ACTIVITY: For this exercise, output the entries below exactly from the line that holds "mxyoo_o's tweet photo. i’m so effing tired" to the line that holds "#GradNite https://t.co/1XhmY8iqnU", both ends included. No pictures belong in the copy.

MATERIAL TO PROCESS:
※

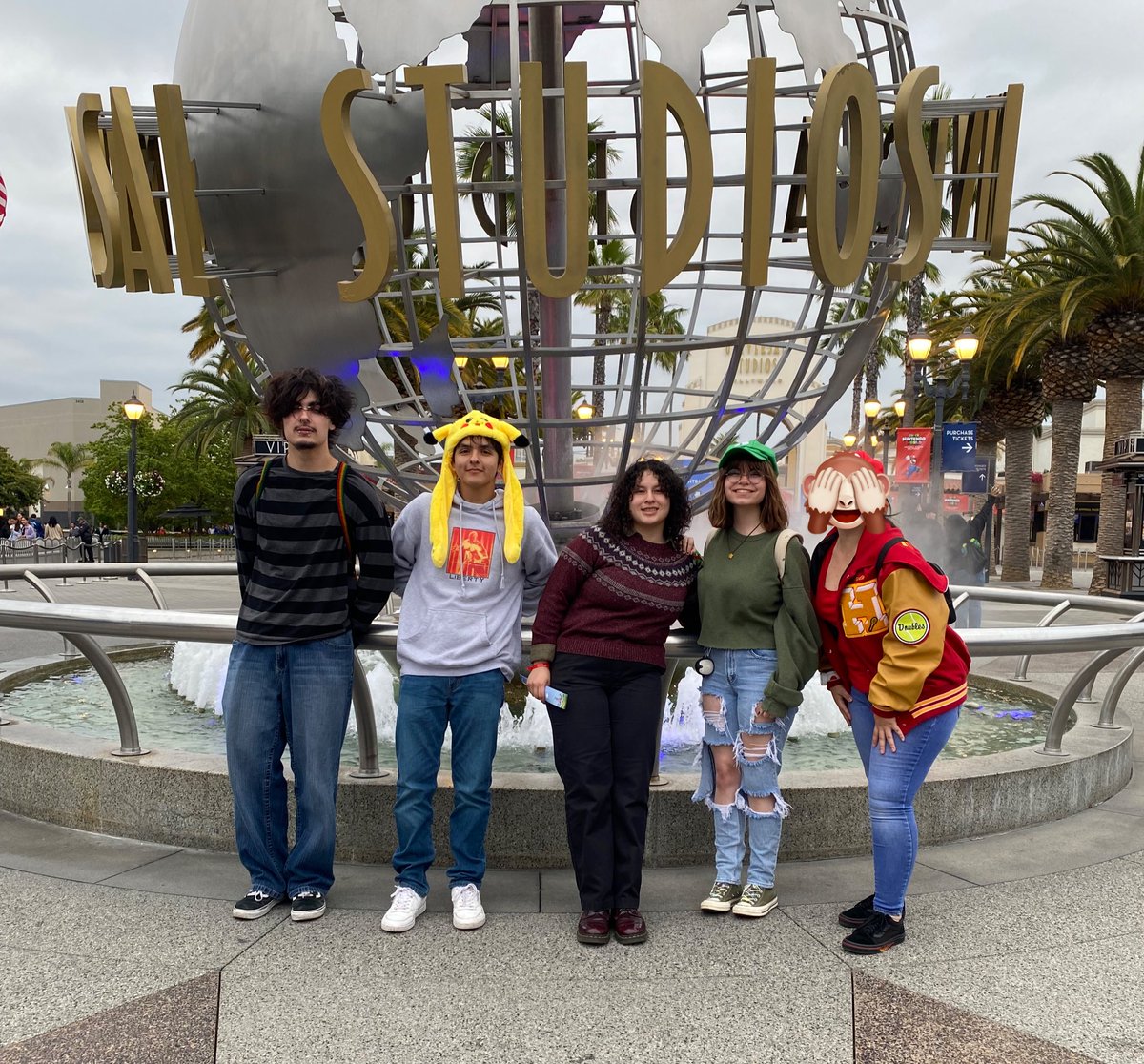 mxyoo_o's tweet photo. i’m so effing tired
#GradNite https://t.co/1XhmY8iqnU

※

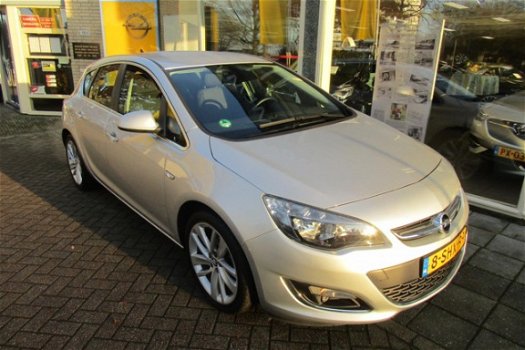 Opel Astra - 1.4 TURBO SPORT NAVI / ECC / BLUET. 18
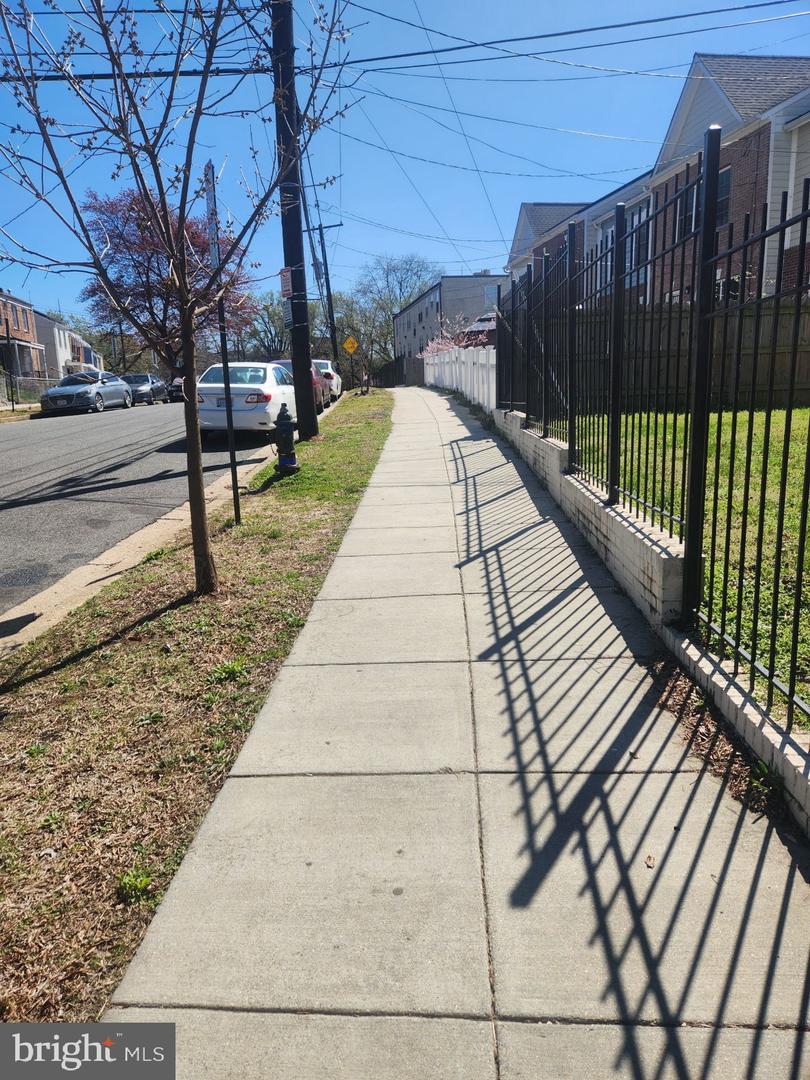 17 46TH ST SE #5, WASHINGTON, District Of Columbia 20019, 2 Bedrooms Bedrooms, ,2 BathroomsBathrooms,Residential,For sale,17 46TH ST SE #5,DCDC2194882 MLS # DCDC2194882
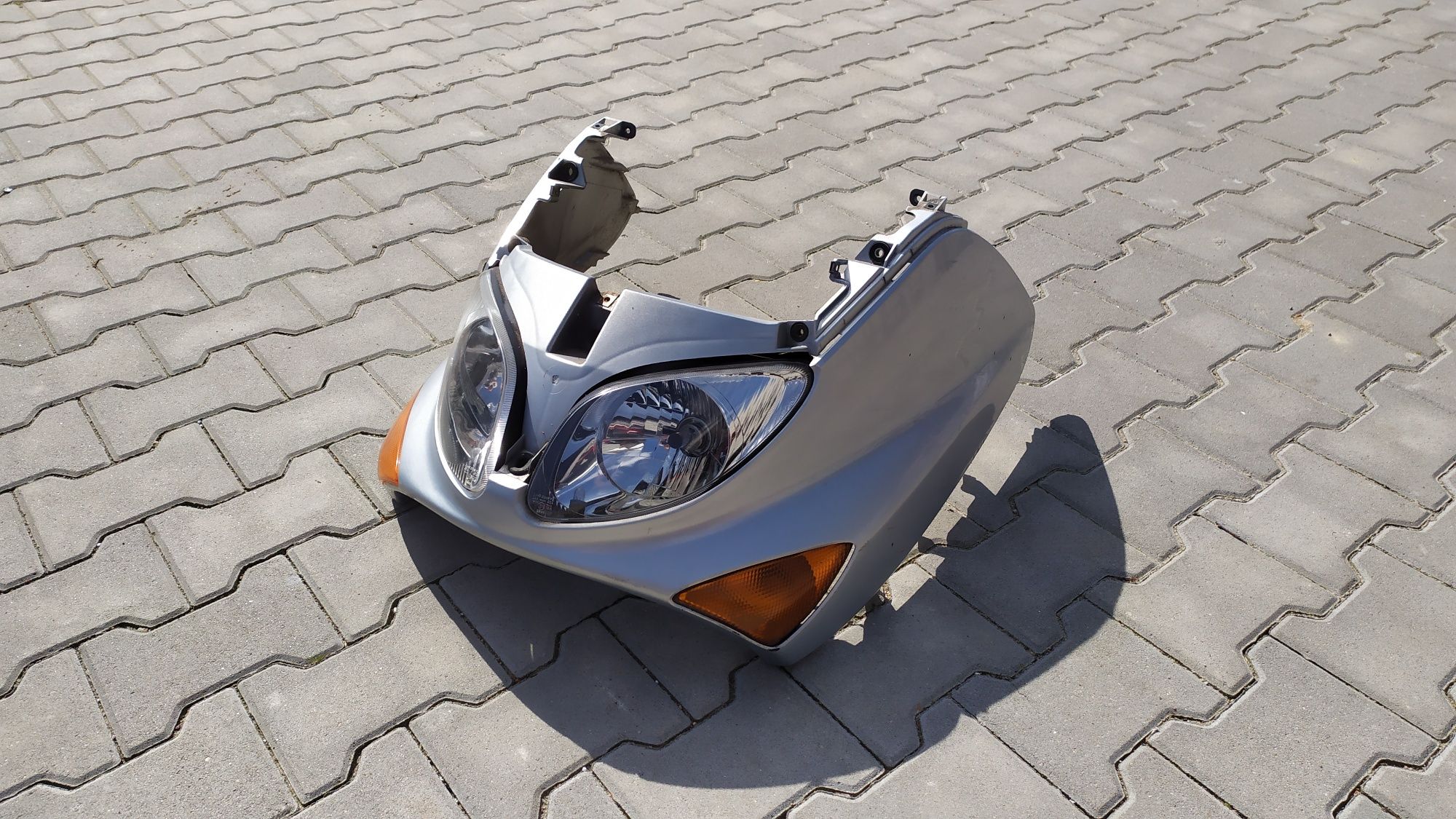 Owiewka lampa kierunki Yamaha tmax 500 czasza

※

SOLUTION TO THIS PROBLEM:
 mxyoo_o's tweet photo. i’m so effing tired
#GradNite https://t.co/1XhmY8iqnU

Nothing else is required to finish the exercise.